In the letter he commented that he had noticed that in many magazine articles, he often reads phrases such as "triggers the hatch" and "when the water temperature reaches," all referring to specific temperature ranges that cause insects to hatch. He stated that these statements give the impression that specific water temperatures or ranges are the causative factor in emergence. Though not unrelated, this is only part of the story.

The rest of this story will be quoted verbatim.

"All aquatic insects require a certain thermal history to mature from egg to adult. This thermal history is measured in degree days, where a degree day is defined as the average water temperature during a 24 hour period. Here's an example of how it works: Let's say a mayfly deposits eggs when the water is 15 degrees Celsius. At the end of 24 hours, the eggs have accumulated 15 degree days. For simplicity, let's say the water temperature averaged 14 degrees for the next 20 days; that would be an additional 280 degree days. As the water cools down as winter approaches, we'll say that the water temperature averages 10 degrees for the next 60 days, providing am additional 600 degree days for a total of 895 degree days thus far into its development. This continues until the immature insect has accumulated the required number of degree days to mature into an adult, then it emerges. The number of degree days required by each insect group varies both with species and geographic location. Actual values are know for only a few species, and determining these values is tedious work.

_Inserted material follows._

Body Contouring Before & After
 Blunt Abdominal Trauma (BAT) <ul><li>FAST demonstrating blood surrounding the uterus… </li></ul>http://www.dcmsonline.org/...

The point here is that insects do not necessarily emerge when the water reaches a specific temperature. It only means that they have acquired their necessary number of degree days to complete their development.

This doesn't invalidate angler observations that a certain hatch often come off at a certain temperature. What it means is that in a normal average year when temperatures reach that magic temperature, the necessary thermal history has also been attained. If water temperatures for a particular year have been below average, hatching times will be delayed. . .

. . . As a retired stream ecologist, I've been "Jousting at this windmill" with anglers for some time, and find that deep-seated beliefs are hard to change. I hope this explanation convinces a wider audience of anglers that absolute water temperatures in relation to insect emergence are relative and not causative."

An interesting thought to ponder, I thought so anyway!